Modified on: 2018/07/16
A:

The term "blue chip" in poker signifies the chip that has the highest value. The term was taken from the poker world and used as stock market terminology. In the investment world, a blue-chip company is well-known, well-established and well-secured. It is considered to be a leading company in its sector and produces dominant goods or services. Generally, a blue-chip company is impervious to economic downturns, which contributes to its qualities of generating consistent revenues and stable growth. It is usually considered a household name.

A blue-chip stock is the stock of a blue-chip company. If a stock is considered blue-chip, it is generally the market leader or one of the top performers in its sector.The market capitalization of a blue-chip company is usually in the billions of dollars. Typically, a blue-chip stock is a component of major stock market averages and indexes, such as the S&P 500 index in the United States. It can also be listed on other major indexes throughout the world.

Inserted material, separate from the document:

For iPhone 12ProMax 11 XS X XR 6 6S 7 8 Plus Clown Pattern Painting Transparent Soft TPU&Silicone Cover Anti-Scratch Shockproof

Historically, blue-chip companies post steady earnings results. Blue-chip companies are generally considered to be safe investments because of their ability to generate profits even during an economic downturn. A blue chip is known to have a very stable growth rate, so it is considered to have less volatility than other companies that are not well-established. Generally, a blue-chip stock follows an index closely. For example, Apple was given blue-chip status in 2015, and it follows the S&P 500 and Nasdaq 100.

During recessionary periods, a blue-chip company is impervious to adverse economic conditions. For example, Coca Cola, a blue-chip company, may not suffer from a recession because it is a household name and many opt to drink its products, no matter what economic conditions are like.